Tracing real-valued reference rays in anisotropic viscoelastic media

The eikonal equation in an attenuating medium has the form of a complex—valued Hamilton—Jacobi equation and must be solved in terms of the complex—valued travel time. A very suitable approximate method for calculating the complex—valued travel time right in real space is represented by the perturbation from the reference travel time calculated along the real—valued reference rays to the complex—valued travel time defined by the complex—valued Hamilton—Jacobi equation. The real—valued reference rays are calculated using the reference Hamiltonian function. The reference Hamiltonian function is constructed using the complex—valued Hamiltonian function corresponding to a given complex—valued Hamilton—Jacobi equation.
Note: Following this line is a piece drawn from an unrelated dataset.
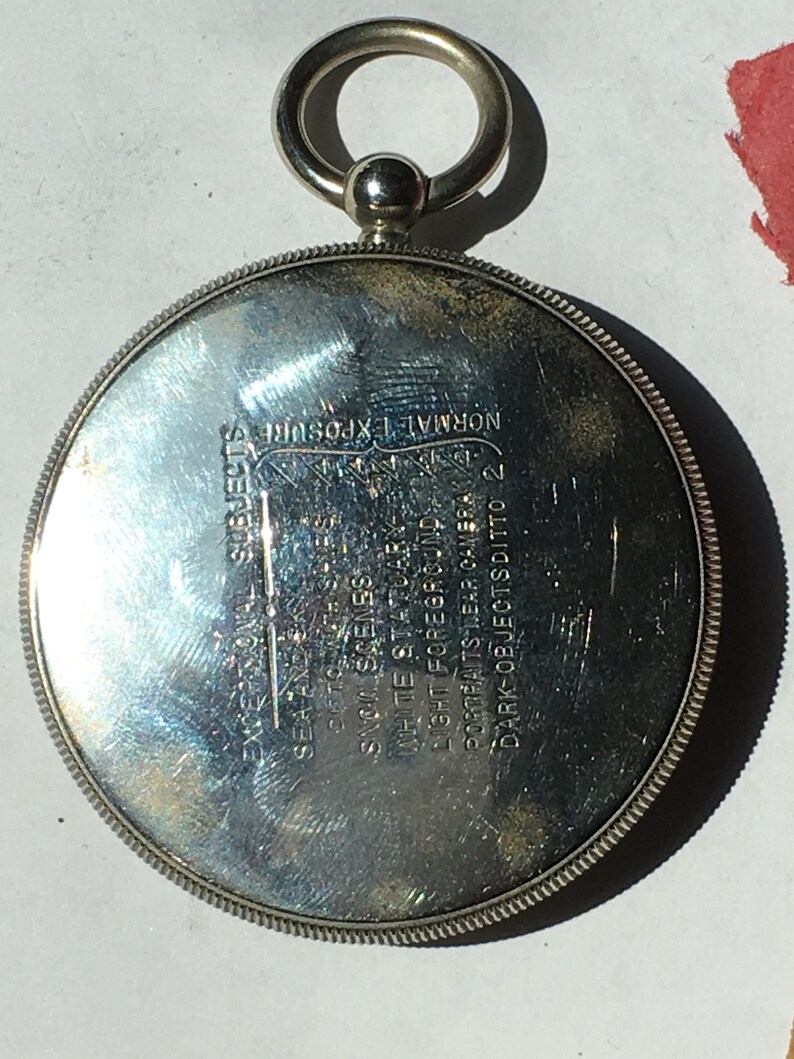 Op de afbeelding: Een zilverkleurig, cirkelvormig object met een ring en een kleine bal aan de bovenkant. Het object heeft ge&euml;tste tekst, waaronder "EXCEPTIONAL SUBJECTS" en "NORMAL EXPOSURE". De rand heeft een gedetailleerd, gestructureerd ontwerp.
The ray tracing equations and the corresponding equations of geodesic deviation are often formulated in terms of the eigenvectors of the Christoffel matrix. Unfortunately, a complex—valued Christoffel matrix need not have all three eigenvectors at an S—wave singularity. We thus formulate the ray tracing equations and the corresponding equations of geodesic deviation using the eigenvalues of a complex—valued Christoffel matrix, without the eigenvectors of the Christoffel matrix. The resulting equations for the real—valued reference P—wave rays and the real—valued reference common S—wave rays are applicable everywhere, including S—wave singularities.